## Dataset excerpt
==*==
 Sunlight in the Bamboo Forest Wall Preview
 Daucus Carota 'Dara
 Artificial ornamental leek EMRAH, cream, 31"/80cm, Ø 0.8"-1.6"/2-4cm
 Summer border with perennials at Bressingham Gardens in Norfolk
==*==
Please transcribe the data shown above in full, exactly as it stands.

 Sunlight in the Bamboo Forest Wall Preview
 Daucus Carota 'Dara
 Artificial ornamental leek EMRAH, cream, 31"/80cm, Ø 0.8"-1.6"/2-4cm
 Summer border with perennials at Bressingham Gardens in Norfolk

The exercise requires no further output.